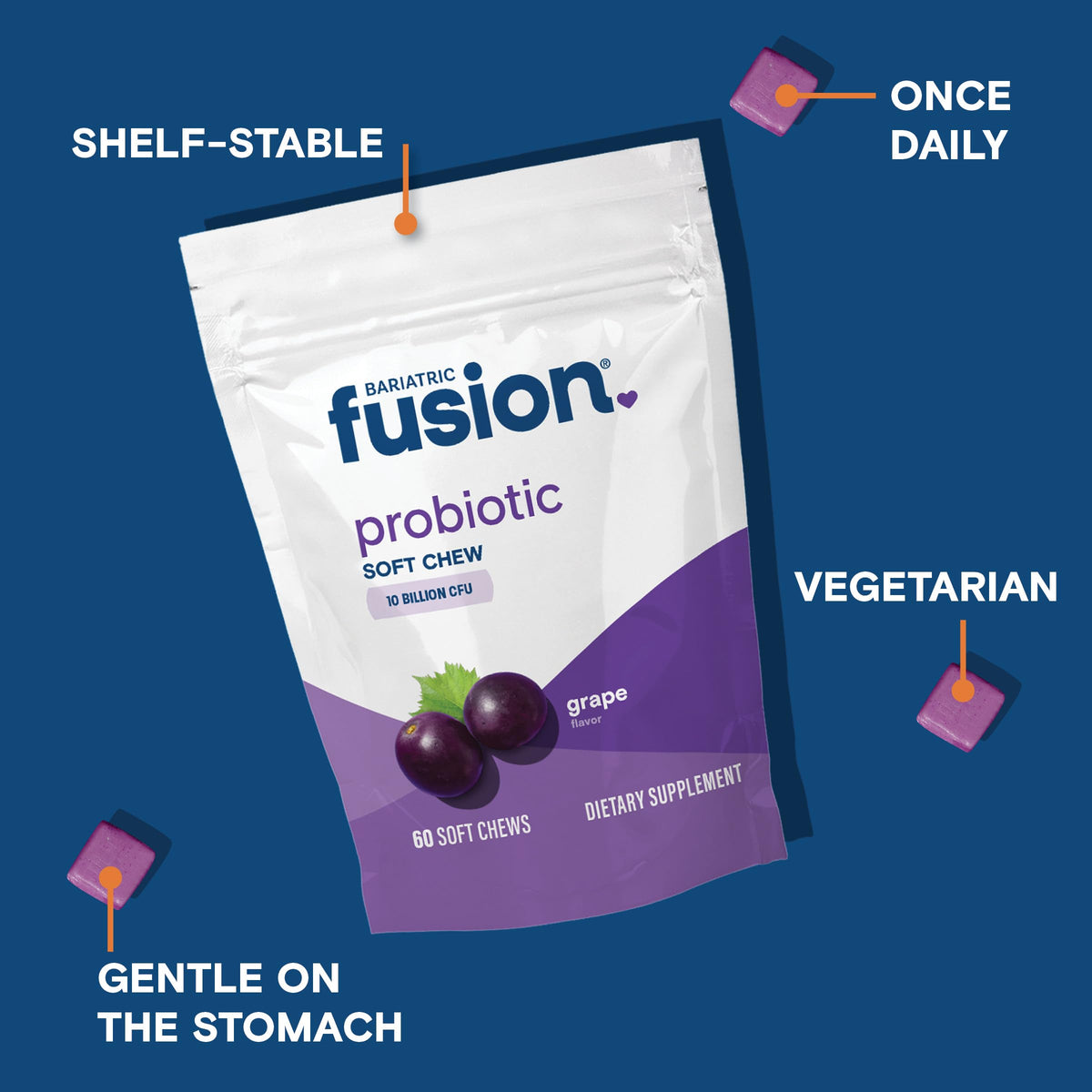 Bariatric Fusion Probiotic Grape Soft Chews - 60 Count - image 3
######
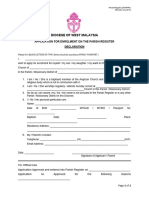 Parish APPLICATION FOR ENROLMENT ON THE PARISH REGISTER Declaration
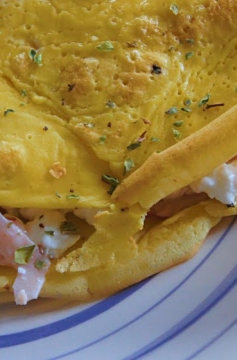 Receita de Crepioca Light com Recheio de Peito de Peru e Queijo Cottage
######
From the line with "Parish APPLICATION FOR" up to and including the line with "Receita de Crepioca" above, retype every line exactly and nothing more; leave out the pictures.

 Parish APPLICATION FOR ENROLMENT ON THE PARISH REGISTER Declaration
 Receita de Crepioca Light com Recheio de Peito de Peru e Queijo Cottage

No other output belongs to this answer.